(Records drawn from a dataset)
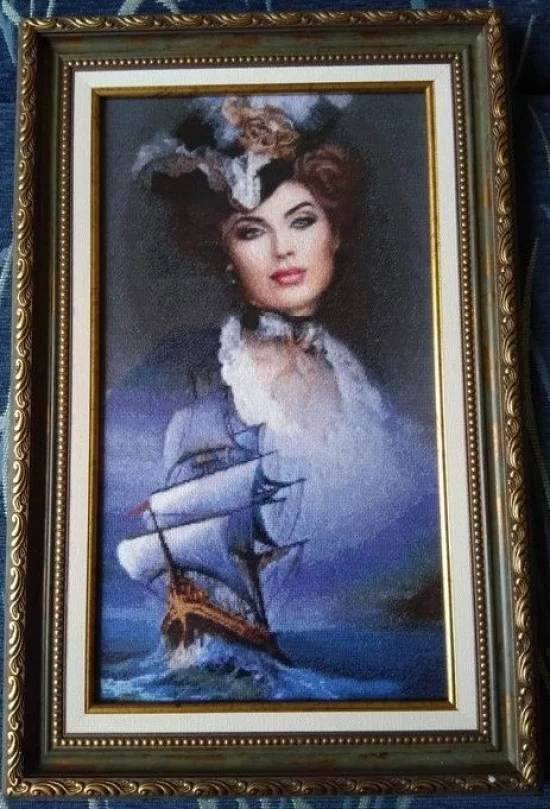 Дамата с кораба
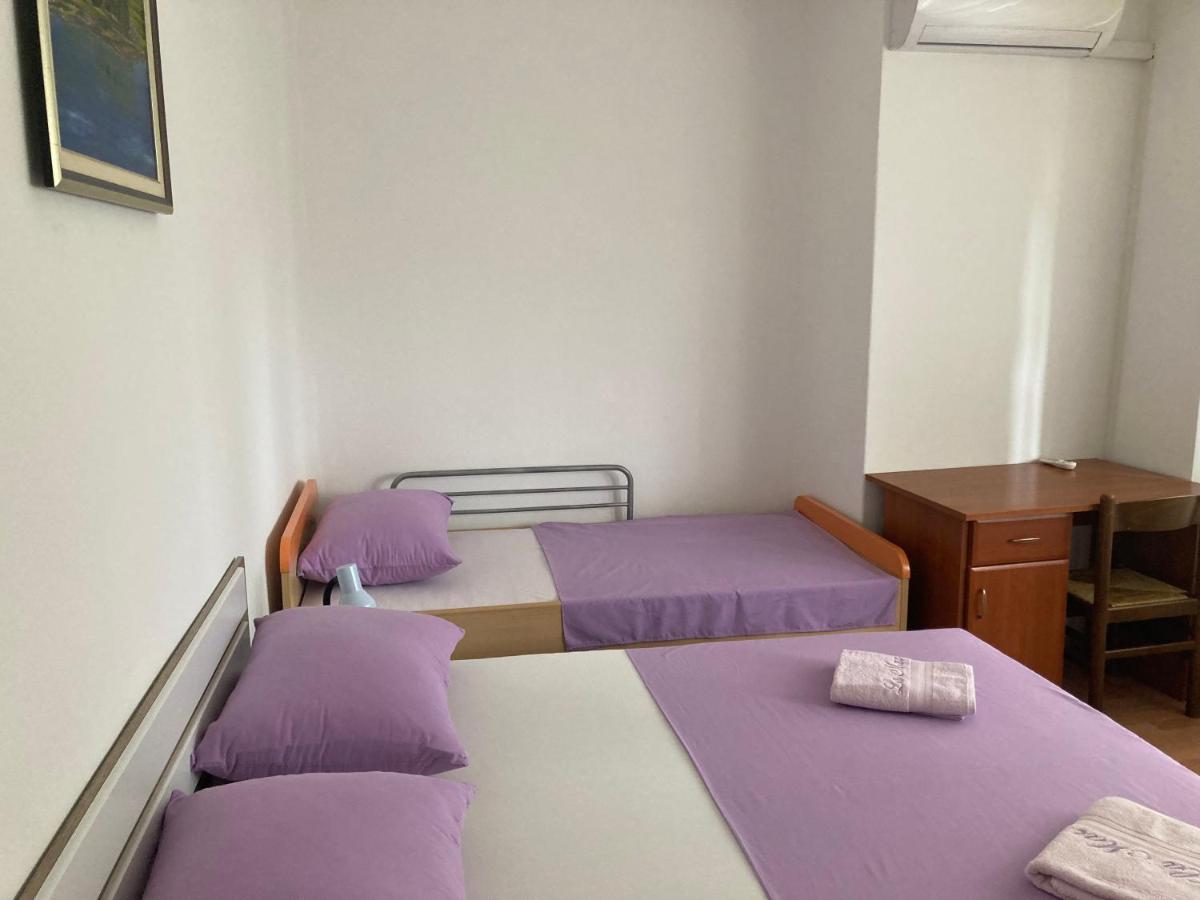 Apartment La Mar Пула Екстериор снимка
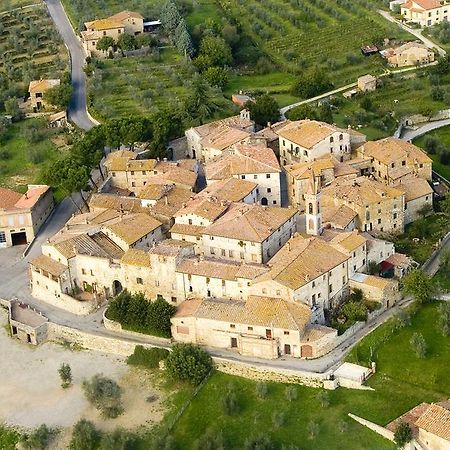 Borgo San Gusme Apartment ภายนอก รูปภาพ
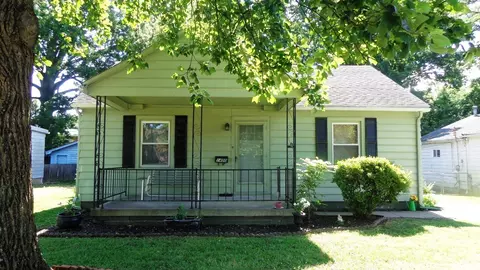 1400 S Parker Dr, Evansville, IN 47714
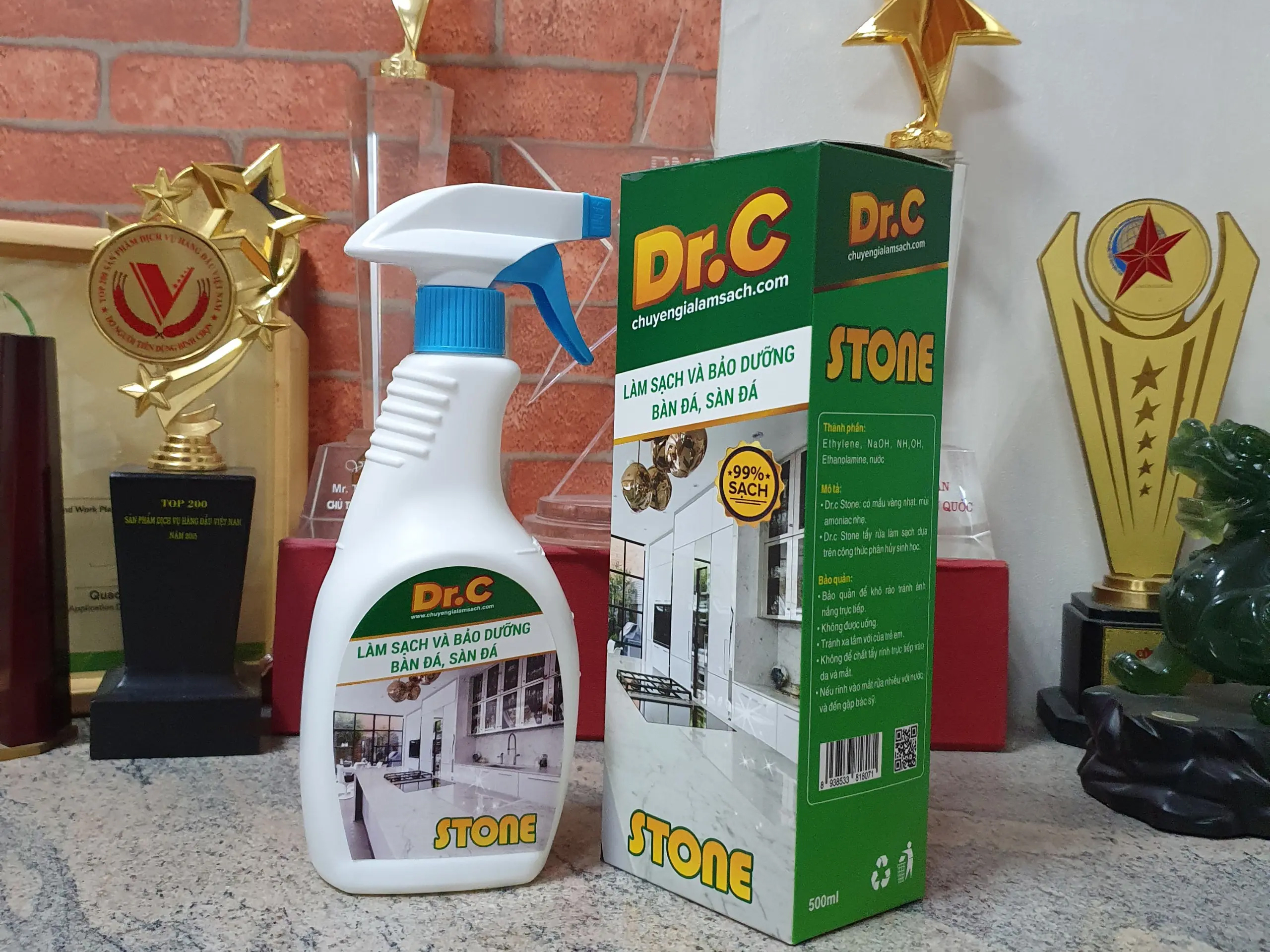 Dung dịch làm sạch và bảo dưỡng bàn đá, sàn đá Dr.C Stone (500ml)
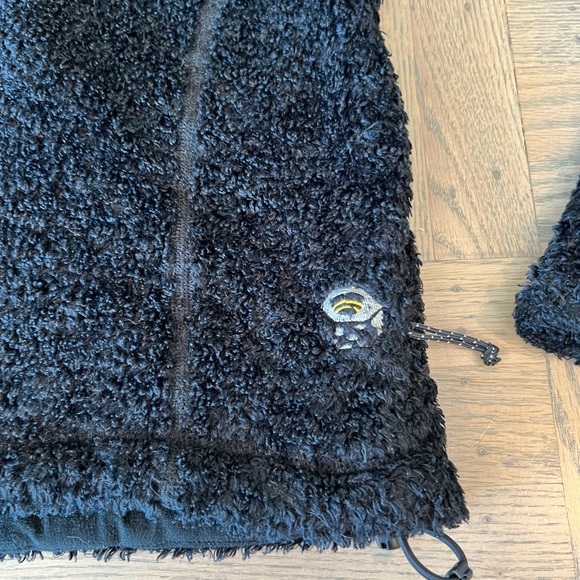 Mountain Hardwear Women’s Fleece Black Jacket - Picture 2 of 5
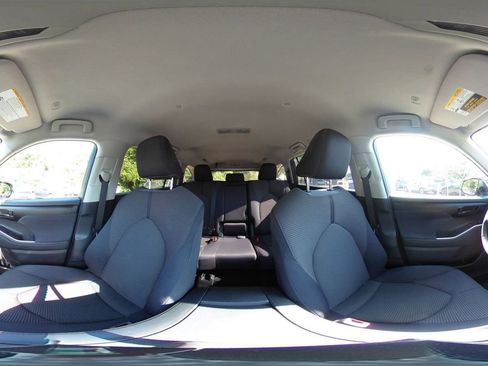 Used 2025 Toyota Highlander LE FWD image 43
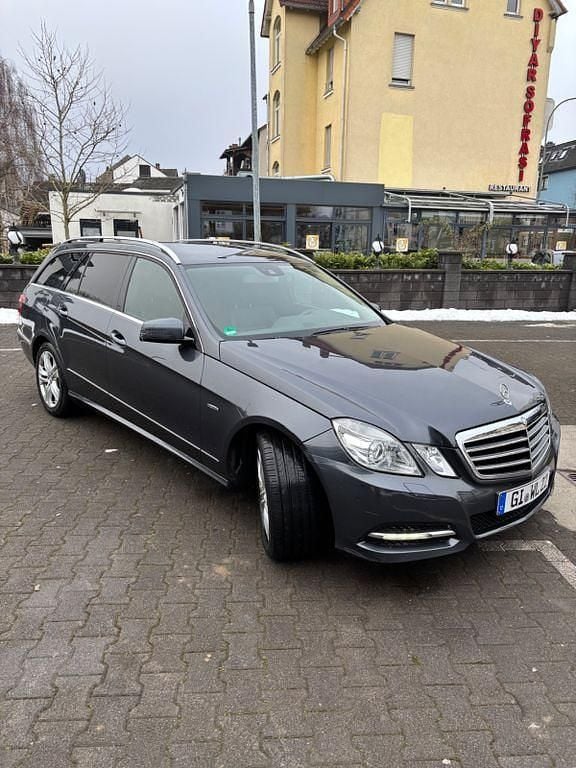 Gebraucht Mercedes 220 170 PS (125 kW) 2010 Grau Limousine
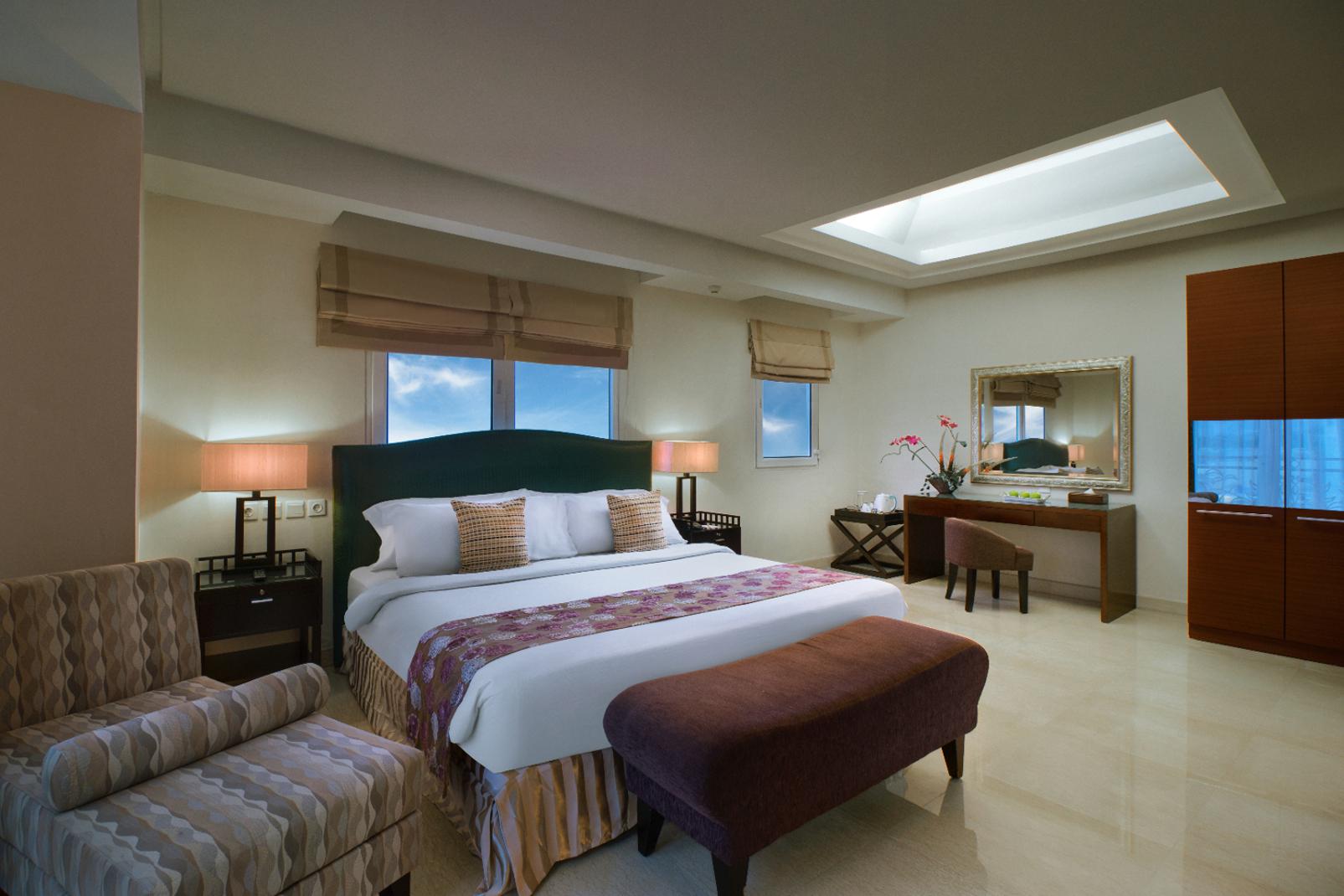 アストン マナド ホテル 写真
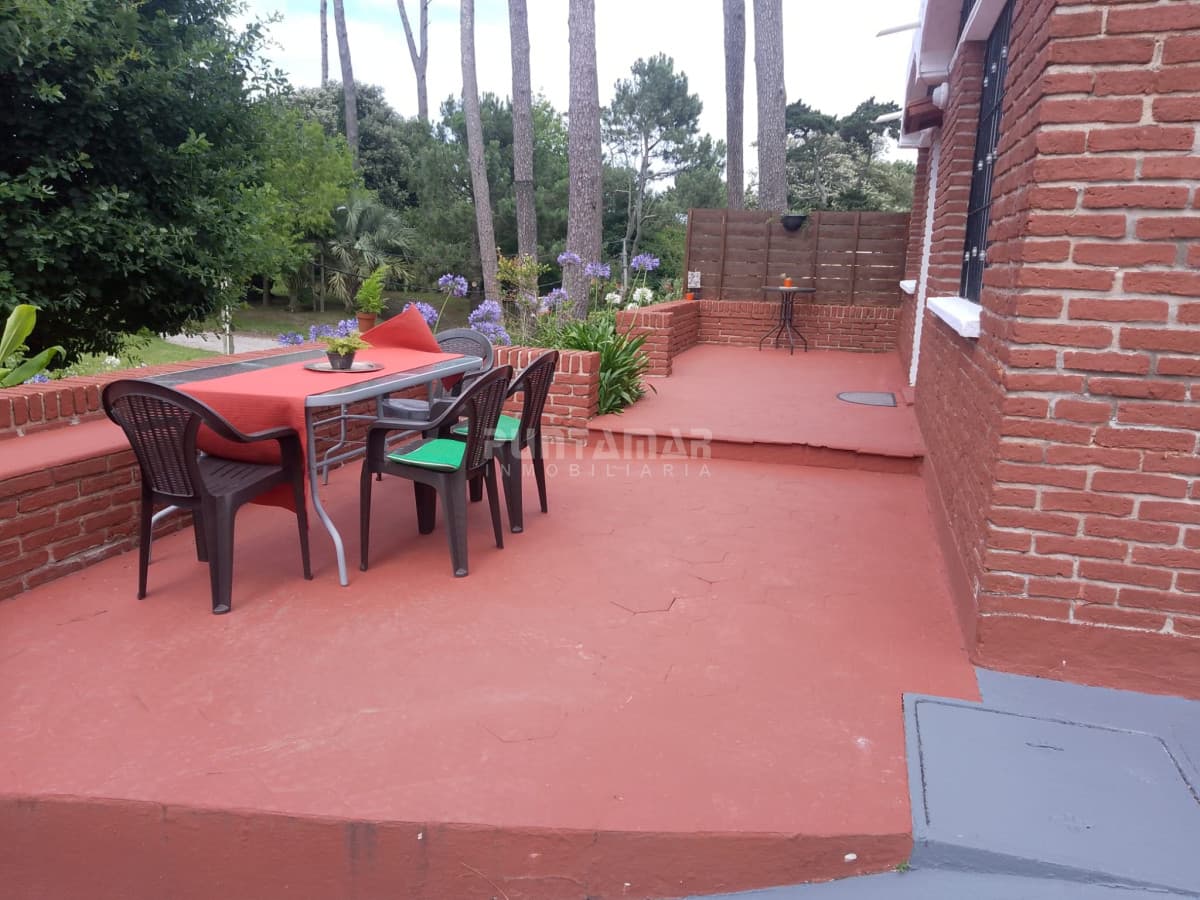 COMODA CASA DE 2 DORMITORIOS EN PINARES  -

THE PROBLEM :: Restate the records above in full, word for word. Keep pictures out.

ANSWER SPACE ::
 Дамата с кораба
 Apartment La Mar Пула Екстериор снимка
 Borgo San Gusme Apartment ภายนอก รูปภาพ
 1400 S Parker Dr, Evansville, IN 47714
 Dung dịch làm sạch và bảo dưỡng bàn đá, sàn đá Dr.C Stone (500ml)
 Mountain Hardwear Women’s Fleece Black Jacket - Picture 2 of 5
 Used 2025 Toyota Highlander LE FWD image 43
 Gebraucht Mercedes 220 170 PS (125 kW) 2010 Grau Limousine
 アストン マナド ホテル 写真
 COMODA CASA DE 2 DORMITORIOS EN PINARES  -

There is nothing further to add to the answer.